Methods for Determining Partial Charges

Question

I want to run classical molecular dynamics simulations of a periodically replicated surface (rutile $\ce{TiO2}$ with grooves). In order to do so, I first need to solve for the partial charges residing on each atom of the surface. What electronic structure methods are available for determining the partial charges on a surface?

I am vaguely familiar with Mulliken population analysis, but my understanding is that this method is not the most accurate. What other methods are commonly used, and how accurate are each of these methods?

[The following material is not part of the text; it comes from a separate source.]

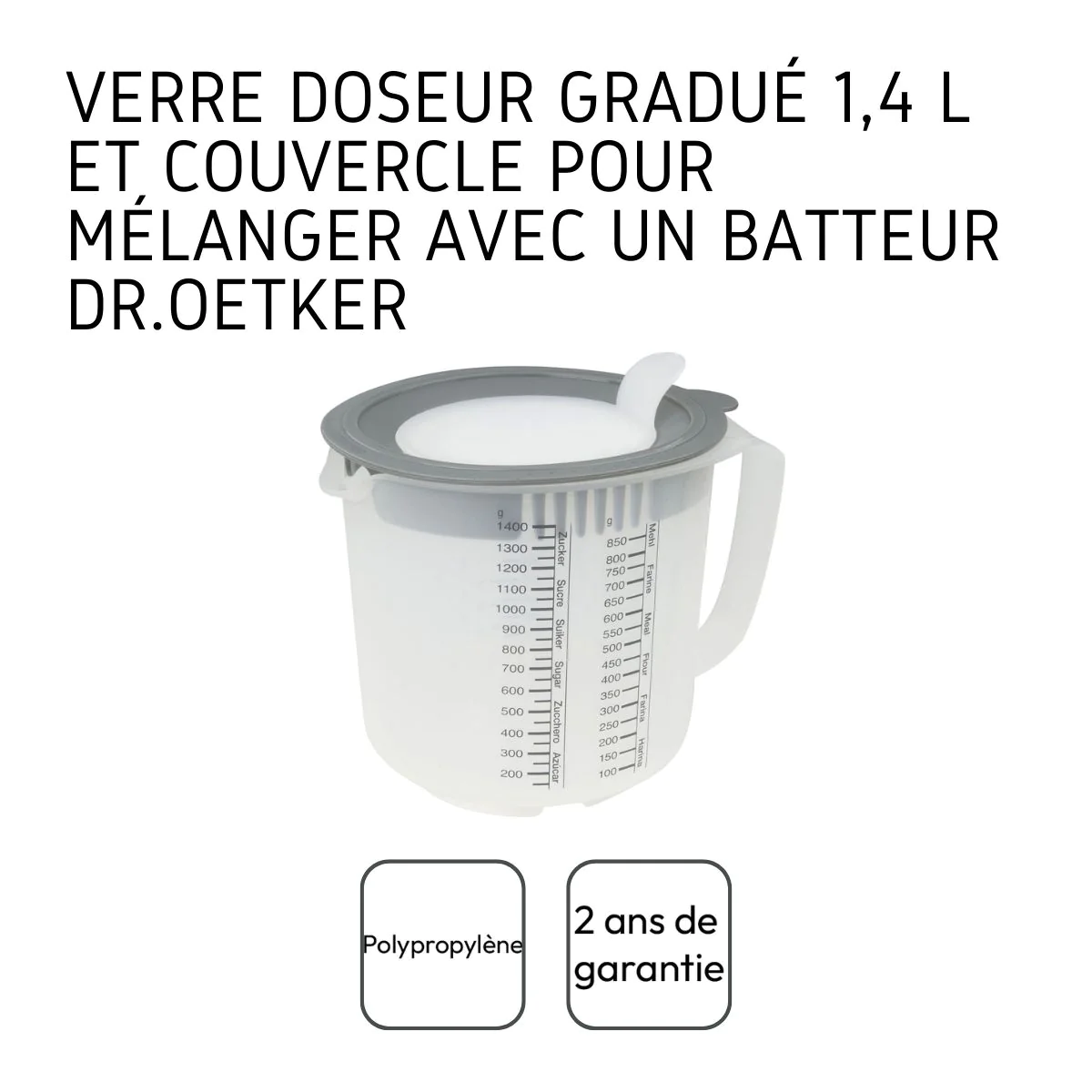 Verre mélangeur et doseur en plastique de 1,4 litre Dr. Oetker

Finally, what are some good (and free) packages for performing such calculations? I've used SIESTA in the past, is that well-suited for determining partial charges of a surface?

Answer 1

There are lots, and I mean lots of methods and software programs to produce partial charges. See Wikipedia for a small (incomplete list)

Let's start with the basics. The idea of a partial atomic charge, while useful for concept, can not be defined uniquely. Quantum chemical methods (whether wavefunction or DFT) produce some sort of electron density. Different schemes divide up that electron density in different ways.

I like Cramer and Truhlar's categories:

• Class I: Some sort of intuitive or empirical approach (i.e., non-QM). These include methods based on experimental dipole moments and atomic electronegativities, including Gasteiger-Marsili partial charges and other "electronegativity equalization methods" (EEM).
• Class II: Partitioning using wave functions / orbital schemes (including Mulliken charges while very efficient to compute, are basis set dependent.
• Class III: Partitioning the electron density or electrostatic potential (e.g., Hirshfeld, density-fitting schemes, etc.
• Class IV: Semiempirical mapping from Class II or Class III (preferred) to match experimental data like dipole moments.

Almost any modern quantum package will include several schemes to fit partial charges. My personal preference is for something like Hirshfeld charges (i.e., from the electron density, so not basis-set dependent), or electrostatic potential fitting schemes like Merz-Kollman or CHelpG.

I think the latter (electrostatic potential fitting) will be better generally for molecular dynamics, since you're attempting to produce point charges that will best represent the quantum mechanical electrostatic potential.

Answer 2

Kinda obvious, but still.

First, you have to decide, what face you are working with. $\ce{TiO2}$ may exhibit several different faces, you'll have to consult literature to find out which are the most frequent.

Second, you have to consult literature to find which surface species exist on the surface in your conditions. Generally, oxides tend to adsorb water forming hydroxide groups and some other small molecules.

After that you have to build a model slab of the surface. Generally, two-three layers of atoms close to surface are 'relaxed' and two-three 'deeper' ones are fixed in positions, modelling unperturbed crystal structure. However, ideally you should perform several computations, gradually increasing amount of layers in slab until the characteristic you considering stabilize.

It is generally recomended to employ periodic approach using plane-wave sets, possibly in DFT method, as it greately reduces memory requirements and amount of atoms (and electrons) considered. Given you care to use the charges to model electrostatic potential, Mulliken and Natural charges go to garbage. Ideally you should use full-scale electrostatic potential. However, if it is not an option, analog to Gaussian Pop=CHelpG should be used, that fit atomic charges to produce electrostatic potential closest to one produced for given electronic distribution. Not aware of other programs implementing similar schemes, so you have to find one on your own.